Il problema denunciato da Marchionne c’è, è indubbio. In Europa c’è un eccesso di capacità produttiva, in particolare di alcuni produttori come Peugeot, Renault e Fiat, molto meno per quanto riguarda Volkswagen. È una situazione fortemente collegata a un rinnovo di modelli piuttosto lento e scarso da parte di Fiat. Negli ultimi anni questo ha determinato una situazione di difficoltà sul mercato e una situazione di accentuato eccesso di capacità produttiva negli stabilimenti italiani. Se si continuasse con questi numeri, direi che nel lungo periodo la situazione sarebbe sicuramente problematica. Già ora, infatti, ci sono stabilimenti sottoutilizzati al 40-50%, per non parlare di Mirafiori dove già adesso la produzione è pressoché ferma, si produce solo l’Alfa Mito. Per qualsiasi impresa che ha dati continui di questo tipo è un problema, quindi ovviamente si deve ridurre la sua attività produttiva. L’ipotesi in sé non è scandalosa, o meglio, è un modo di ragionare potremmo dire per certi versi corretto.
In questo senso anche l’ipotesi accorpamento tra Cassino e Pomigliano è corretta?
L’accorpamento può anche funzionare, nel senso che significa che ci sono stabilimenti dove, grazie a tecnologie produttive estremamente flessibili, è possibile produrre più modelli sulla stessa linea. Quindi, se si assume che il modello già in produzione non saturi la linea, allora c’è posto per un altro modello. Stiamo naturalmente parlando di ragionamenti di principio.
Quella dell’accorpamento degli stabilimenti è un’idea che può salvare molti posti di lavoro…
Accorpare Cassino con Pomigliano permetterebbe di non eliminare tutti i posti lavoro, ma solo una parte. Rimane però il problema che non si individua una strategia produttiva di Fiat per l’Italia. Aver continuato a rimandare il lancio di nuove vetture ha creato un circolo vizioso.
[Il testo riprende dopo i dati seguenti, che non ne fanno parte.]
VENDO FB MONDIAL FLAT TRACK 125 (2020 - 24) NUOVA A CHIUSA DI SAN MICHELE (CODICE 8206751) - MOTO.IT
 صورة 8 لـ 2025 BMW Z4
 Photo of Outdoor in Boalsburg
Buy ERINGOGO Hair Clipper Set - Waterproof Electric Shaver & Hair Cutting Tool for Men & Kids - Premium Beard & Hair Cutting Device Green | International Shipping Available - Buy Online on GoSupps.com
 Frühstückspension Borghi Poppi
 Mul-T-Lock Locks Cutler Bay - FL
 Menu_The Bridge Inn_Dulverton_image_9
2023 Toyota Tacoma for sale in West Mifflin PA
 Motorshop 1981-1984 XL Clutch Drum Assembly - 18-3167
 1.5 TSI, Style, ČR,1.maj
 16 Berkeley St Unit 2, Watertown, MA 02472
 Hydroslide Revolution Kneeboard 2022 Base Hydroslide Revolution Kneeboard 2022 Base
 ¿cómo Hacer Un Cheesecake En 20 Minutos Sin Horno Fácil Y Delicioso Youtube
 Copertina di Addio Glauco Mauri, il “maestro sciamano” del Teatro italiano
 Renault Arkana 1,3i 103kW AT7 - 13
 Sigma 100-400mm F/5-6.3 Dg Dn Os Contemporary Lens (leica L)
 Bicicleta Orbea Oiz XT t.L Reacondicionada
C’è un impegno abbastanza fallimentare da parte di Fiat, ci sembra di capire, ma c’è anche una crisi internazionale che limita la propensione all’acquisto di un’autovettura nuova…
Certamente, è questo spiega il perché in Italia stiamo tornando ai volumi di vendita del 1979. Nel nostro Paese, poi, Fiat pesa per meno del 30% del mercato, e la quota in Europa è ancora inferiore, quindi non c’è un effetto significativo di compensazione perlomeno nei mercati che tengono.
Marchionne ha suggerito anche l’ipotesi di produrre in Italia vetture destinate solo al mercato americano.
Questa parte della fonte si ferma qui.